Gradually, the boys’ writing projects became more ambitious and sophisticated.
At the same time, Anthony’s interest in science became more serious, and
let loose on the Internet he found science websites, blogs, and podcasts
from all over the world. He made long lists of science books he’d like for
presents. Okay, higher subjects didn’t seem to be an issue, but....
What about moving on to university?
Should he try Open University?
How would he go with a schedule that discouraged exploring interesting
tangents?
He was too busy learning so we let the idea simmer for a couple of years.
In the meantime, he began writing a history of astronomy, a book which grew
to gargantuan proportions. He was visiting astronomy websites daily and
often knew astronomy news before it hit the mainstream media.
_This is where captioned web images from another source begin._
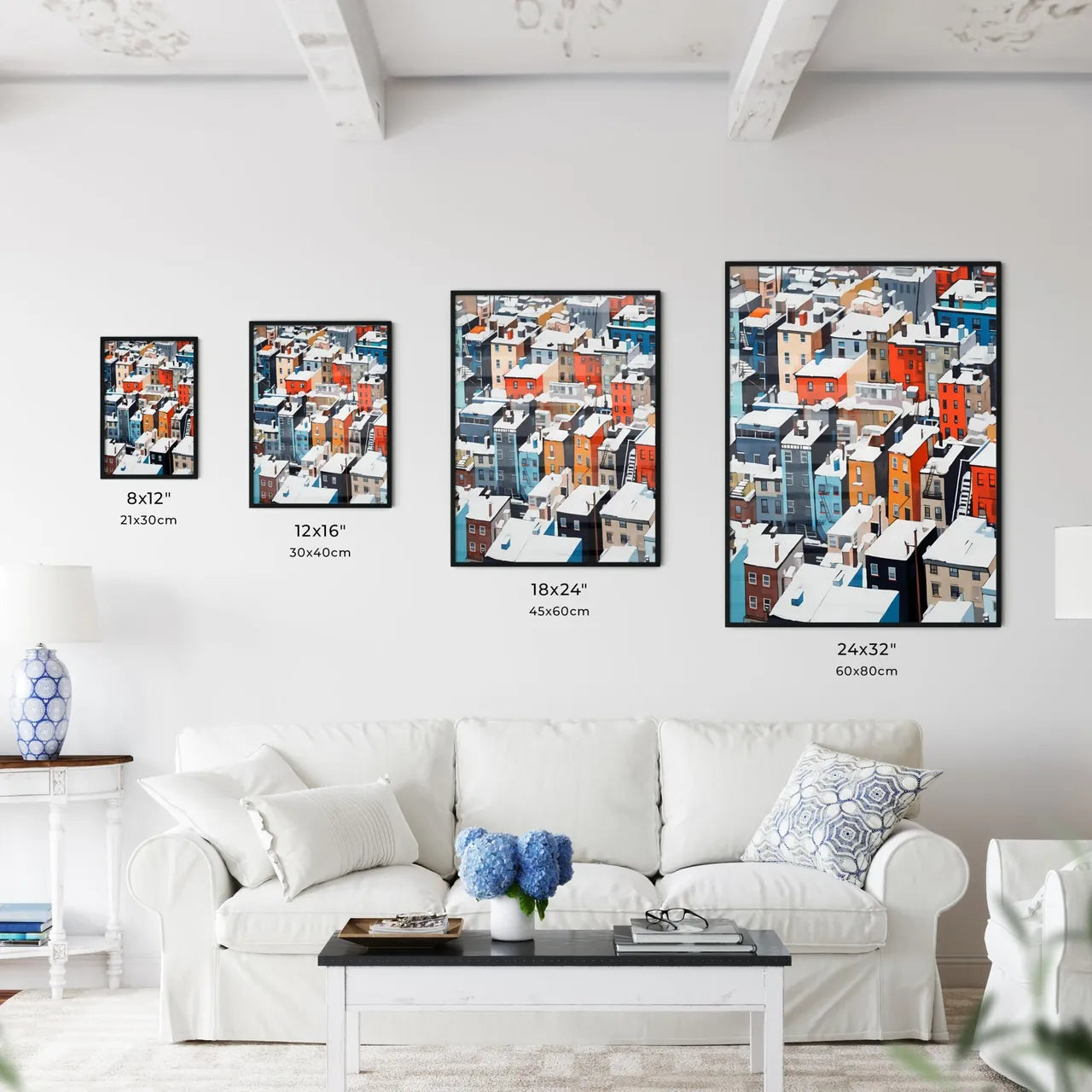 A Poster of snowy urban roofs of New York City - A Group Of Buildings Covered In Snow Size Chart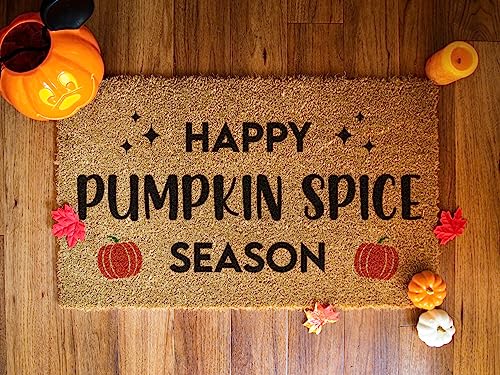 Happy Pumpkin Spice Season Fußmatte Veranda Dekor Herbst Dekor Willkommen Matte Teppich Herbst Fußmatte Herbst Dekorationen Kürbis Gewürz rutschfeste Matte für Zuhause Innen Terrasse Geschenk 40 x 60 von Strunt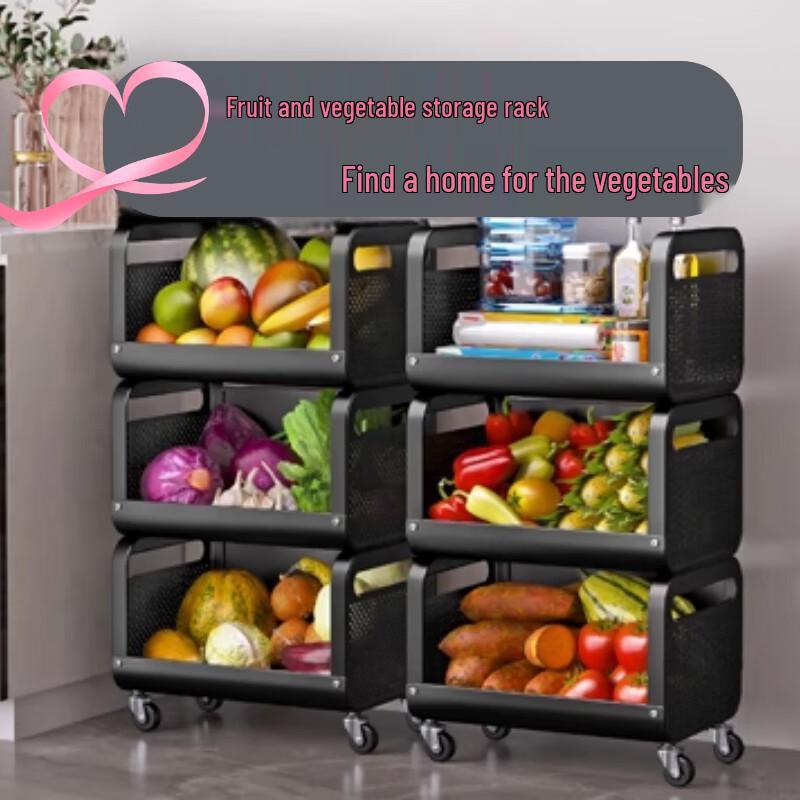 Beiying 3-Tier Rolling Kitchen Storage Cart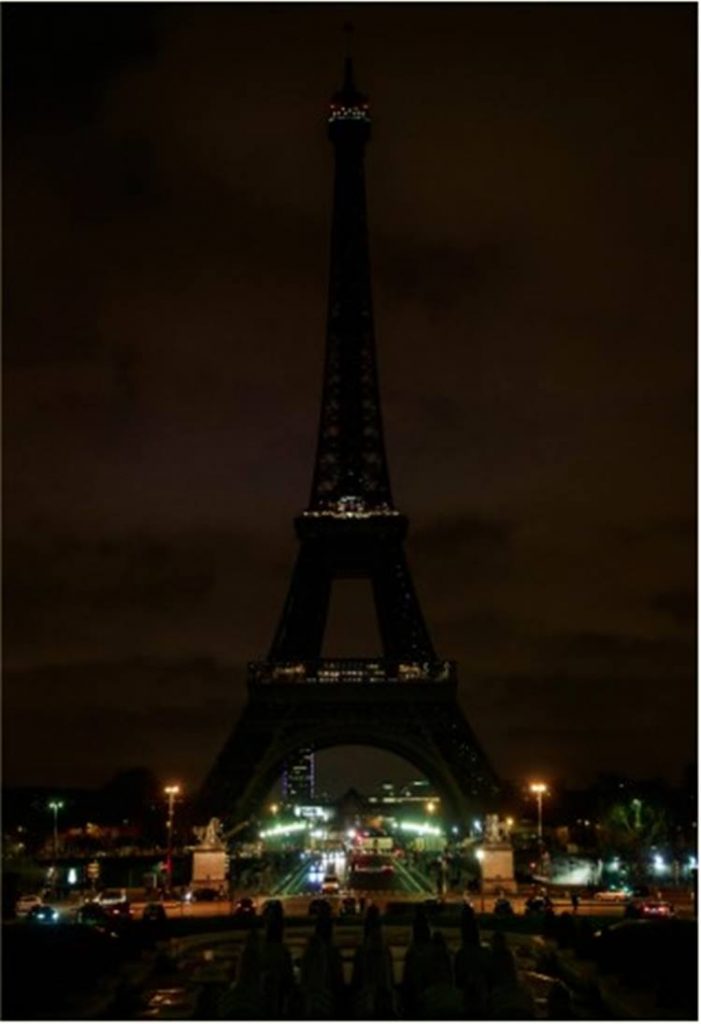  Eiffel Tower shrouded in darkness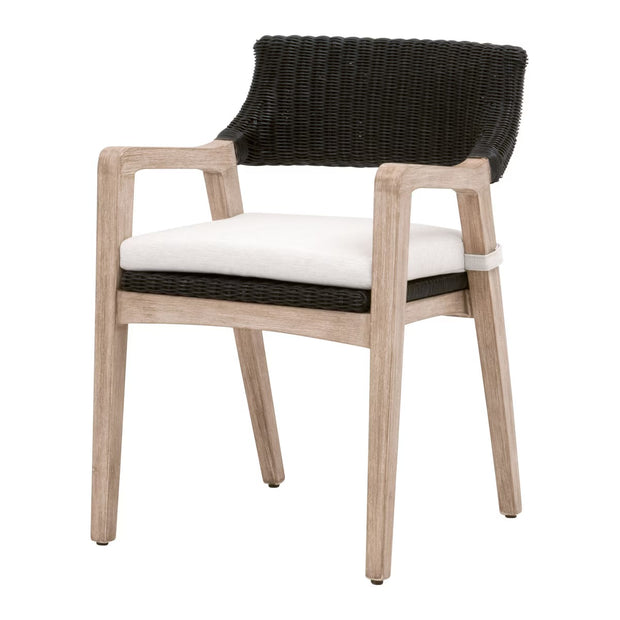 Essentials For Living Lucia Arm Dining Chair ~ Black Rattan, Performance White Speckle With Natural Gray Mahogany Frame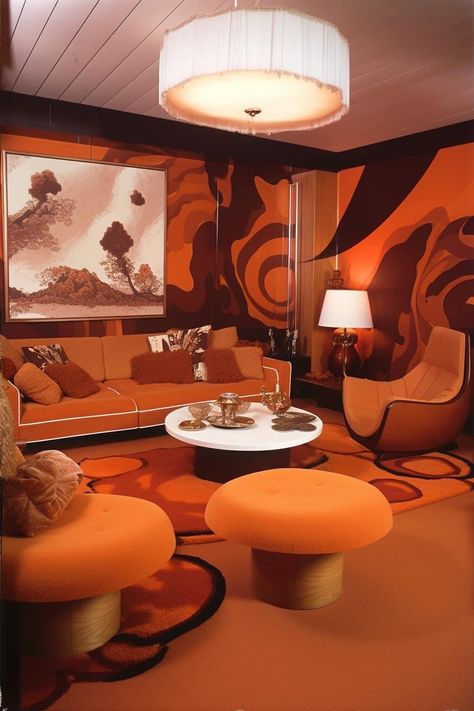 70s House Exterior, Groovy Interiors, Vintage Maximalist Decor, Groovy Room, 70s Interior Design, 70s House, 70s Interior, Rick James, Tranquil Bedroom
His brothers continued to play for hours, but one of the team was far
less available. They still planned and wrote movies together, but their
projects were so ambitious (for example, a three-hour murder mystery), and
filming days so infrequent and complex, that they aged noticeably between
scenes. Mitchell expressed an interest in doing a writing course and, after
I had to talk his way in because he was “too young,” the tutor was astounded
by his maturity and the quality of work he turned in.
In the meantime, Anthony decided to start on some subjects with Open
University and excelled. The most difficult part was adjusting to deadlines
and resisting the temptation of interesting tangents. So university level
work didn’t seem to be a problem, but....
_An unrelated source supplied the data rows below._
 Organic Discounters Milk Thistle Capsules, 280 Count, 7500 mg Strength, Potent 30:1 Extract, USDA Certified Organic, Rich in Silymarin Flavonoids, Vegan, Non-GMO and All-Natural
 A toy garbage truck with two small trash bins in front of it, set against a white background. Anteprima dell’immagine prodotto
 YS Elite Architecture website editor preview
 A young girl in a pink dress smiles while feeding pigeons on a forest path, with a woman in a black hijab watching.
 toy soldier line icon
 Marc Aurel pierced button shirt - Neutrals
What about getting in to a traditional university?
How many open uni units would be necessary and with what results?
How would he have time to study other interesting things while doing
a degree?
Getting in to university turned out not to be a problem. Two open uni
units with excellent results were enough, and Anthony solved the non-assessed
study time problem by going part-time. He has spent this year getting excellent
uni results with time left over for his voluntary job and to study science
and politics in the self-directed way he always has.
Meanwhile I’ve moved on to my next set of doubts:
How do you encourage teenagers to get more sleep and exercise?
How educational is Facebook?
How do kids who aren’t keen on university move into a job they actually
want to do?
I continue to climb my ladder of doubts. Old doubts are left behind,
and new ones crop up all the time. I’ve come to accept that doubt is part
of the journey. I just deal with one rung at a time. The next rung on the
ladder is sometimes within easy reach and at other times seems to require
acrobatic finesse. Sometimes the ladder feels more like a spiral staircase
when I revisit the same doubts at a higher level. I’m sure you have your
own ladder of doubt to climb no matter where you are on the home education
journey.
Doubts are useful. They help us to consider, examine and re-examine our
homeschooling and assess whether something needs to change. Often we decide
to leave well enough alone, and sometimes we decide it is time to make changes
to adjust our homeschooling to match our kids’ ages, stages, and interests.
In likening the doubts to a ladder, I may have made life learning sound
like a long hard slog in mid-air. On the contrary, it is more like an adventure
playground with fabulous lookouts, interesting challenges, cosy cubbies,
and interesting spaces to explore. It is sometimes challenging but the views
have been worth the climb.
Marnie Black has been unschooling in Australia for eleven
years and continues to have doubts despite the growing evidence that it
was one of the best decisions she ever made.